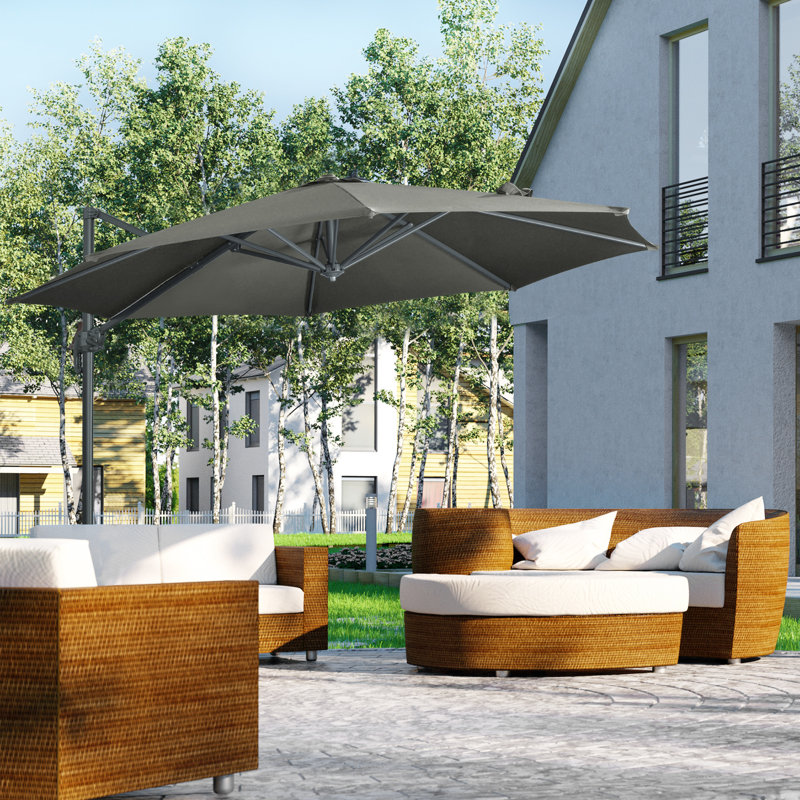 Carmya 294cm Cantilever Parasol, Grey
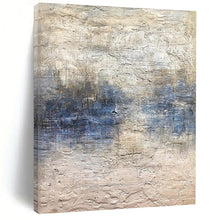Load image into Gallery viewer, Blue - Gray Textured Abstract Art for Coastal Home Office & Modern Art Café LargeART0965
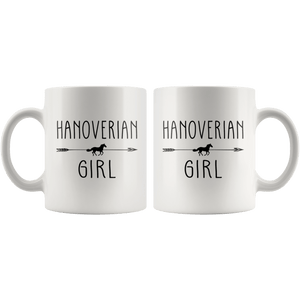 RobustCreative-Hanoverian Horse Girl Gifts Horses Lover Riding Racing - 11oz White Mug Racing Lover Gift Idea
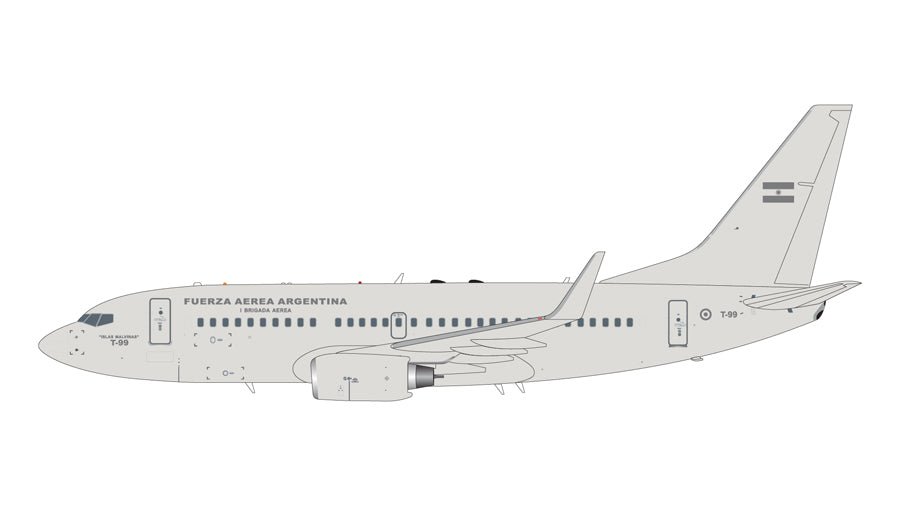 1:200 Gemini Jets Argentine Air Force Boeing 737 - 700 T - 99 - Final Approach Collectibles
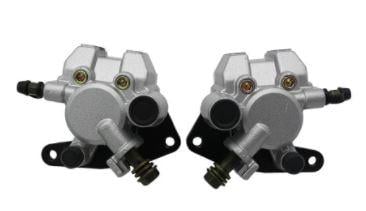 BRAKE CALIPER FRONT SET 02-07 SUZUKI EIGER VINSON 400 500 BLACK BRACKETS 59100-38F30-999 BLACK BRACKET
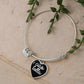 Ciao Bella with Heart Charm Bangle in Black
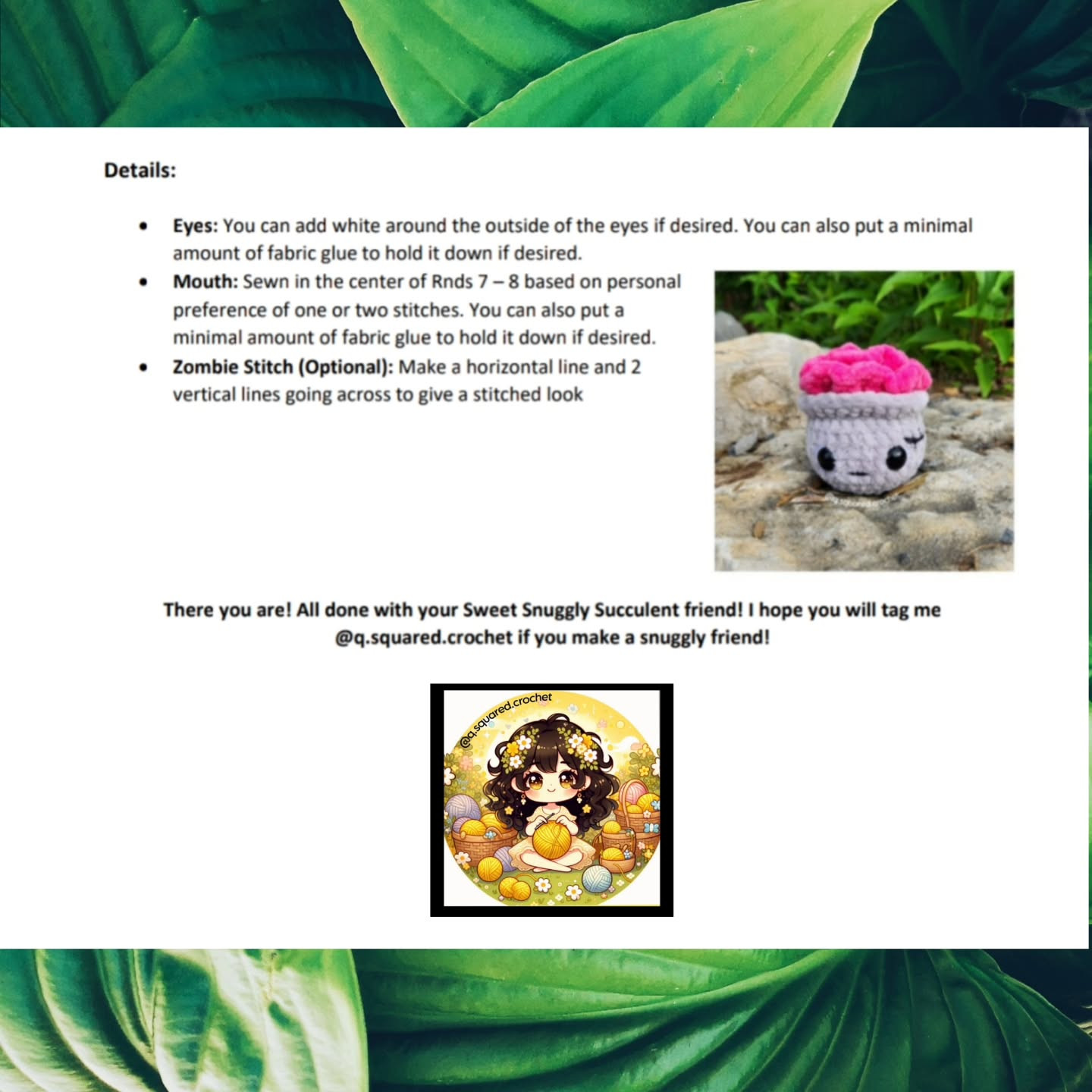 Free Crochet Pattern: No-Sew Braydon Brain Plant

* * *

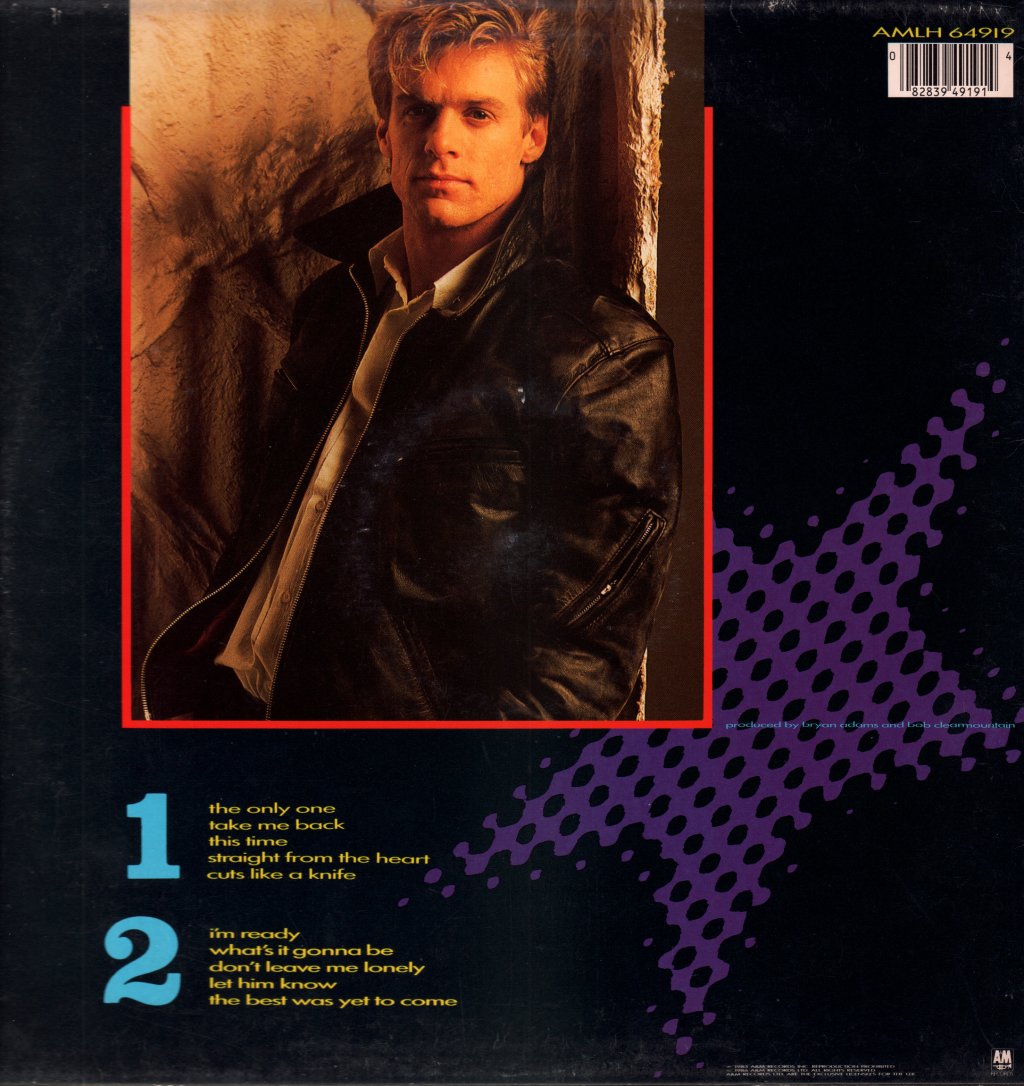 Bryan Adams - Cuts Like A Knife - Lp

==

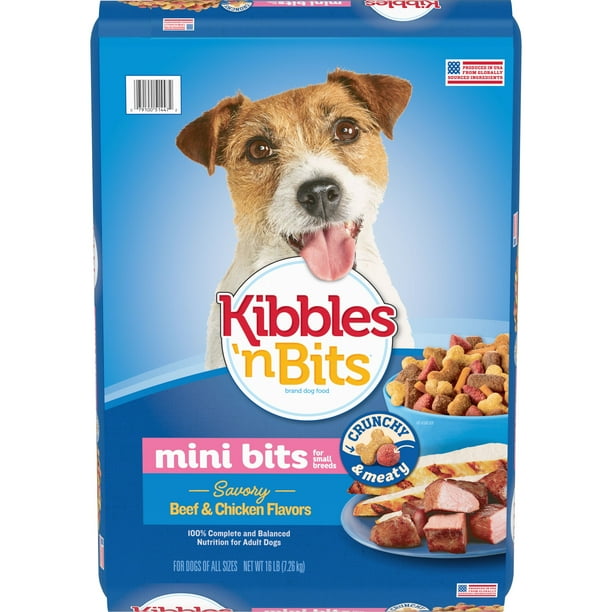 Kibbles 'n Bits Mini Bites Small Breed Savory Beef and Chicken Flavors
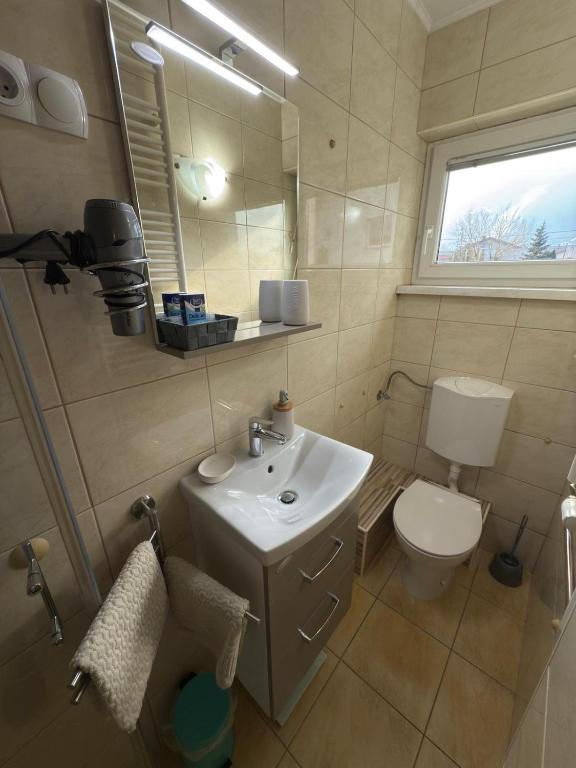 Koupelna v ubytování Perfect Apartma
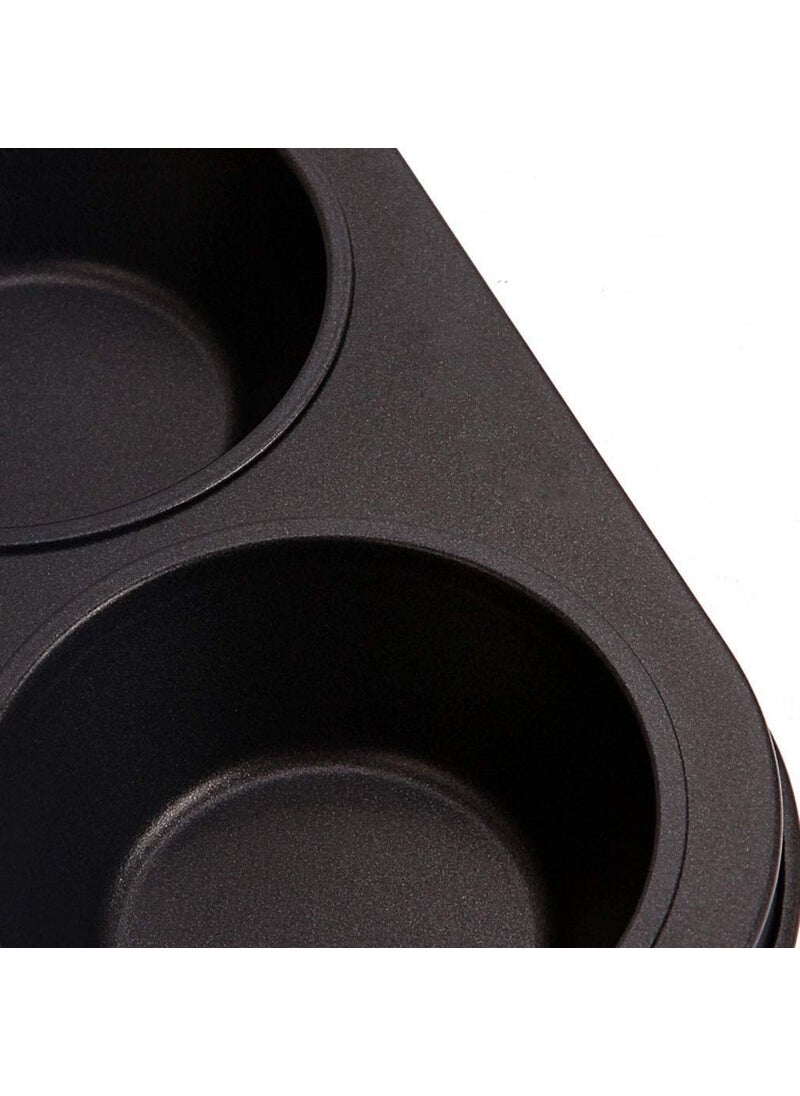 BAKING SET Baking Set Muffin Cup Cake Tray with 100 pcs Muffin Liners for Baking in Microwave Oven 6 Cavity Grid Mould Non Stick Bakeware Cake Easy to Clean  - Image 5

▶ **THE PROBLEM**: Exactly as written above, retype the lines starting at the one holding "1:200 Gemini Jets" and ending at the one holding "Free Crochet Pattern: No-Sew", both included, but not the pictures.

▶ **RESPONSE AREA**:
 1:200 Gemini Jets Argentine Air Force Boeing 737 - 700 T - 99 - Final Approach Collectibles
 BRAKE CALIPER FRONT SET 02-07 SUZUKI EIGER VINSON 400 500 BLACK BRACKETS 59100-38F30-999 BLACK BRACKET
 Ciao Bella with Heart Charm Bangle in Black
 Free Crochet Pattern: No-Sew Braydon Brain Plant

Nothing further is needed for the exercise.